Eben hat der Meisterpsychologe Hitler den Kommandeur der in Stalingrad eingeschlossenen Sechsten Armee zum Generalfeldmarschall ernannt - in der festen Überzeugung, im Besitz dieser Würde werde sich Friedrich Paulus nicht gefangen geben, sondern erschießen. Nun sehen wir ihn auf einer Aufnahme vom Februar 1943 als Gefangenen. Er hat den neuen Rang sofort in sein Soldbuch eintragen lassen und fordert nun entsprechende Behandlung. Zu befürchten hat er ohnehin nichts. Von den 90.000 in Stalingrad gefangenen deutschen Soldaten überlebten nur 5.000, doch von den 24 Generälen starb in der Gefangenschaft ein einziger - an Magenkrebs.

Im Hintergrund sehen wir den sowjetischen Militärdolmetscher Lew Besymenski, der später Historiker wurde und nun das Buch "Stalin und Hitler" geschrieben hat. Bereits damit, dass Besymenski den Titel des Werks von Alan Bullock "Hitler und Stalin" (so wie schon Sven Allard) umdreht, signalisiert er die andere Perspektive.
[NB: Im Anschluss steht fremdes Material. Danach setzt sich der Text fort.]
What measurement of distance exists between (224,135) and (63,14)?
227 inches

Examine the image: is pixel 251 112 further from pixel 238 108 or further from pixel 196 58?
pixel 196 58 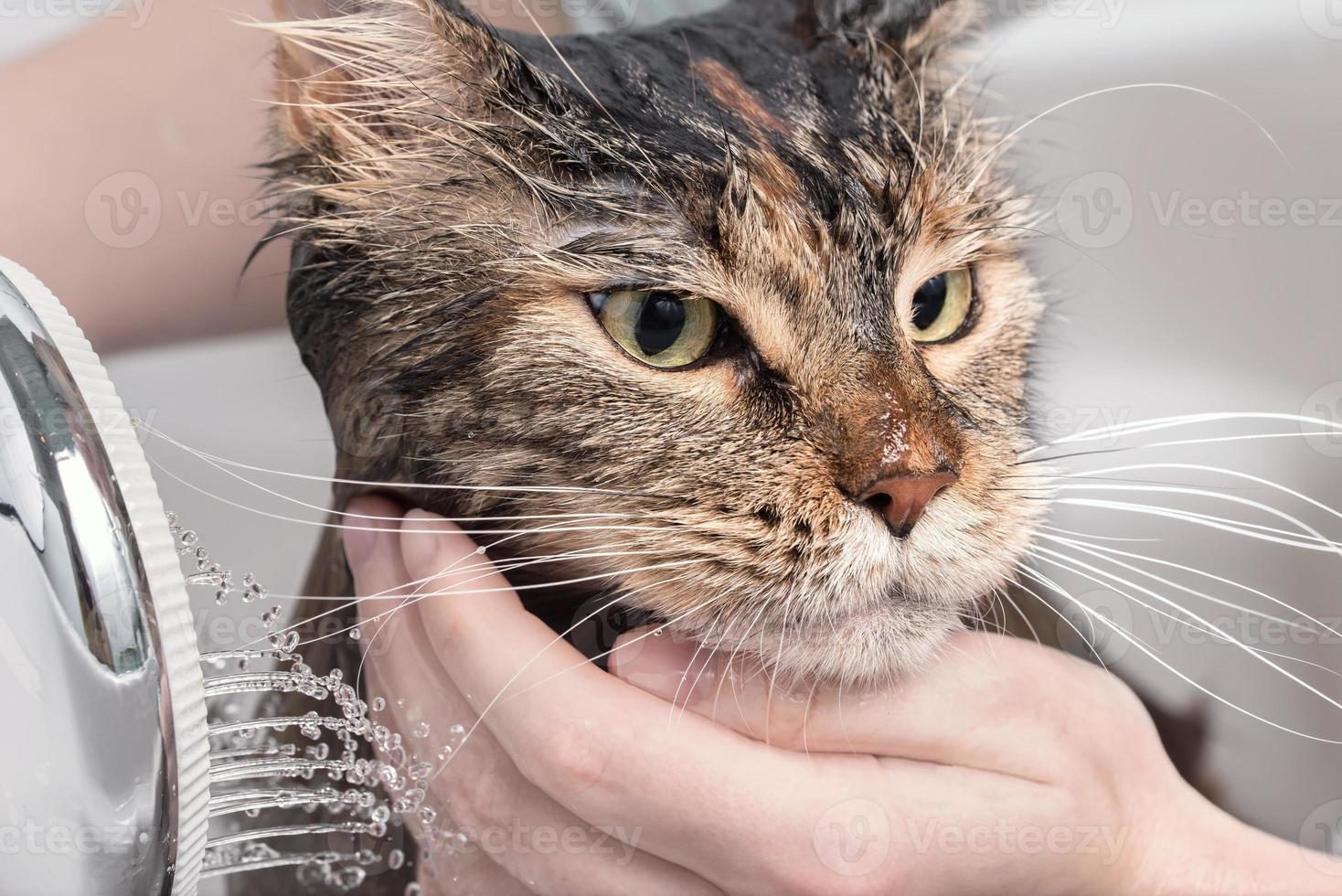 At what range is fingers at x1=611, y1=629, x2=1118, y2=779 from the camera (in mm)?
553

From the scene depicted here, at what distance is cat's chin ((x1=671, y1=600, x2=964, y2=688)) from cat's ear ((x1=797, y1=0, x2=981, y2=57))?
416 millimetres

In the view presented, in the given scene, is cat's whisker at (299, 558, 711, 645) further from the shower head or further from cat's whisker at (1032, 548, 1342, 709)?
cat's whisker at (1032, 548, 1342, 709)

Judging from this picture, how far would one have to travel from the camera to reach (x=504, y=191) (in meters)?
0.53

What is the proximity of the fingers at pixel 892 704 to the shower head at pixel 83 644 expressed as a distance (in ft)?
0.79

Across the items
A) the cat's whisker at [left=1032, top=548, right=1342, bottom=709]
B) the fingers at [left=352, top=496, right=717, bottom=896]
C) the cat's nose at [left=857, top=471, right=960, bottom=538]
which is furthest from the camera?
the cat's whisker at [left=1032, top=548, right=1342, bottom=709]

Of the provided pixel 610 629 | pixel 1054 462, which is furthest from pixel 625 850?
pixel 1054 462

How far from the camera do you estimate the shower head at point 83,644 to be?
0.36 metres

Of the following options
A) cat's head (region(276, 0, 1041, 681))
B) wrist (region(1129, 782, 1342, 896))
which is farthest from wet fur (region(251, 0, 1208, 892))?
wrist (region(1129, 782, 1342, 896))

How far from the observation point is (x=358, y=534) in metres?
0.60

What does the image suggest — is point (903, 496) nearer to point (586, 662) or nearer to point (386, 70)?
point (586, 662)

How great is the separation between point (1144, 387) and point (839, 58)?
63 cm

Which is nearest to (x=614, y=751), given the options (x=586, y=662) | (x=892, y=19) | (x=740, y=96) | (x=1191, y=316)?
(x=586, y=662)

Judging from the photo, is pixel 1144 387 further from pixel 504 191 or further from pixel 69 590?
pixel 69 590

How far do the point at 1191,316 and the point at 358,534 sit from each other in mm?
913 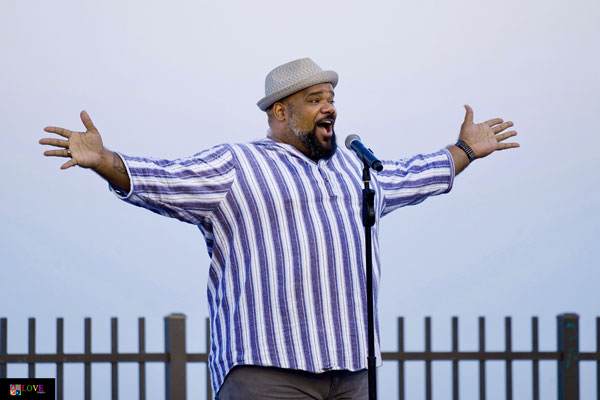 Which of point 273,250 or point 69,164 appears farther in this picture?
point 273,250

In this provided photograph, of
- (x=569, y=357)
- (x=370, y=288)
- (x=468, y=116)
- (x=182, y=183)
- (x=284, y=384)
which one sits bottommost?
(x=569, y=357)

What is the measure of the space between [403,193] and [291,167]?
52 cm

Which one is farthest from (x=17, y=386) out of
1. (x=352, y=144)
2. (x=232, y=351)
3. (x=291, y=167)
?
(x=352, y=144)

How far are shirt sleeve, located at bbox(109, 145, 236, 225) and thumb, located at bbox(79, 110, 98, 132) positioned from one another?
122mm

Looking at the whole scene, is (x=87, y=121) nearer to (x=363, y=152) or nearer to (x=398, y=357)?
(x=363, y=152)

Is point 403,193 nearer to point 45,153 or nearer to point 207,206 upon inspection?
point 207,206

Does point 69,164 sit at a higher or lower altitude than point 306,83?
lower

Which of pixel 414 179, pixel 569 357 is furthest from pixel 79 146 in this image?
pixel 569 357

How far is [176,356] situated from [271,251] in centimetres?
354

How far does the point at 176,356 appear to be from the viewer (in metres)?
6.00

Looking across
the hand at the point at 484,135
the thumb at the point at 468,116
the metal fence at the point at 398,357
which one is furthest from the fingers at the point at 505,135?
the metal fence at the point at 398,357

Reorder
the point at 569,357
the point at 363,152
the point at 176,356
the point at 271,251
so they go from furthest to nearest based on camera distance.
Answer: the point at 569,357, the point at 176,356, the point at 271,251, the point at 363,152

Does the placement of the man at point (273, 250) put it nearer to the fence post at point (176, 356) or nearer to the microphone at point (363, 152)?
the microphone at point (363, 152)

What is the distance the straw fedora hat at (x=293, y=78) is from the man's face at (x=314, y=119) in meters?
0.03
Er schreibt die bis auf weiteres unsterbliche Geschichte der Beziehung zwischen den Diktatoren aus der Sicht der anderen Seite. Die aber ist noch lang nicht ausgereizt. Hier sei jener Aspekt erwähnt, der angesichts einer speziellen Legendenbildung wichtig erscheint. Die Lesart, Hitler sei bloß Stalin zuvor gekommen, als er die Sowjetunion angriff, wird nämlich noch immer kolportiert und ein in Moskau zum Vorschein gekommener Angriffsplan des späteren Marschalls Schukow gern in diesem Sinn gedeutet.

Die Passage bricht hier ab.